◆ **Dataset content**
##############################

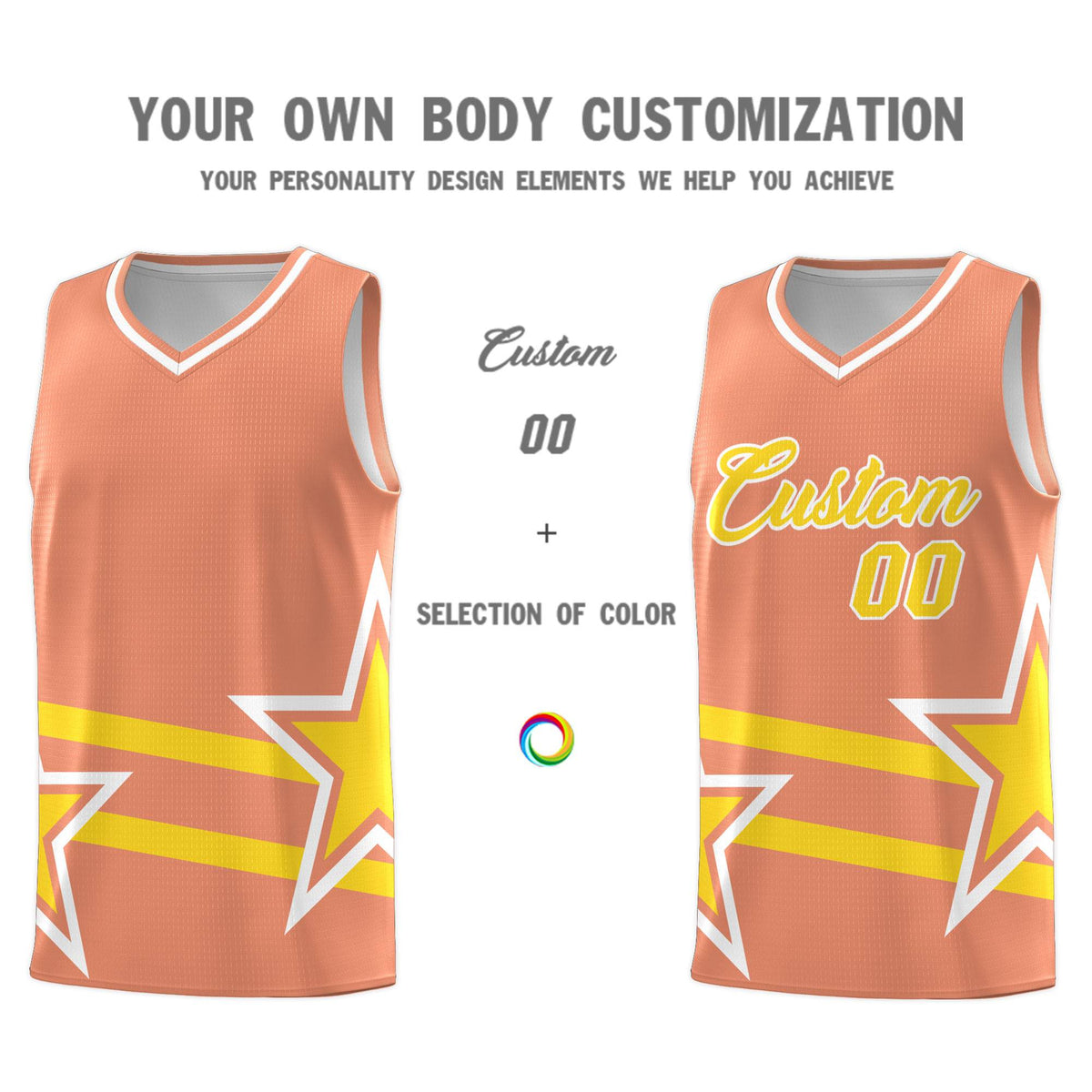 Custom Light Orange Basketball Kits With Gold Star Pattern And Double Lines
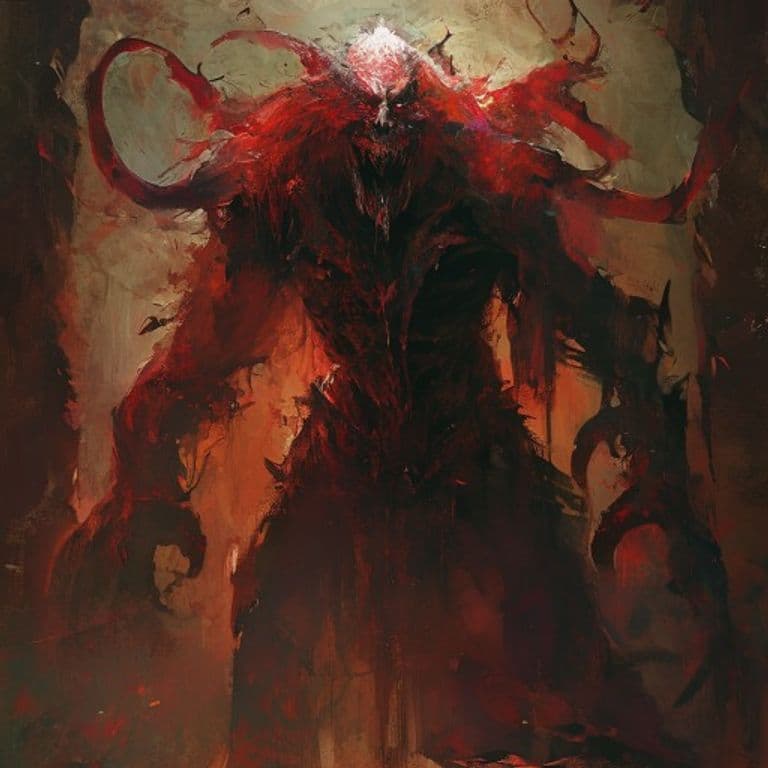 Herald of Blood — fantasy monster illustration. Herald of Blood is a huge fiend (Challenge Rating 12).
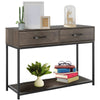 Modern Console Table 2 Drawers Wooden Hallway Living Room Storage Furniture Grey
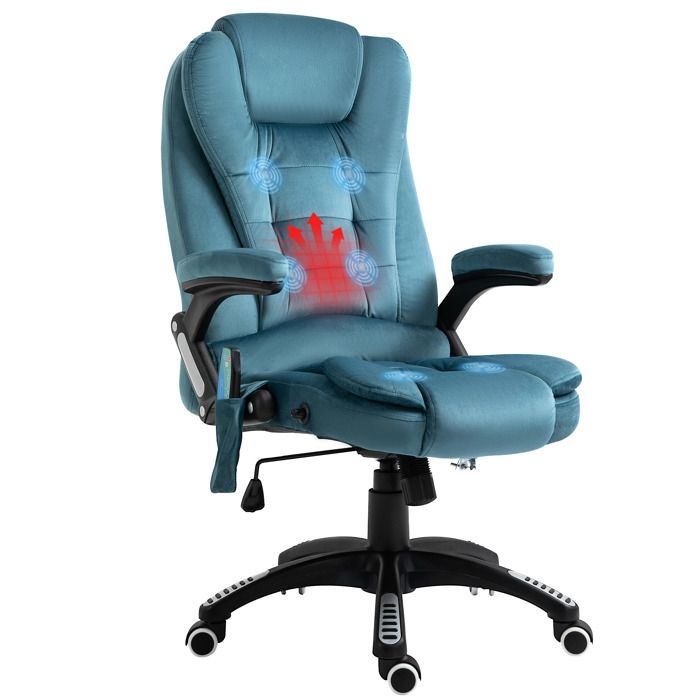 Fauteuil de bureau massant chauffant hauteur réglable dossier inclinable pivotant 360° télécommande filaire tissu polyester bleu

##############################

◆ **To do**
The lines from the one containing "Modern Console Table" up to and including the last line of the material above are to be given again exactly; any pictures are dropped.

◆ **Written answer**
 Modern Console Table 2 Drawers Wooden Hallway Living Room Storage Furniture Grey
 Fauteuil de bureau massant chauffant hauteur réglable dossier inclinable pivotant 360° télécommande filaire tissu polyester bleu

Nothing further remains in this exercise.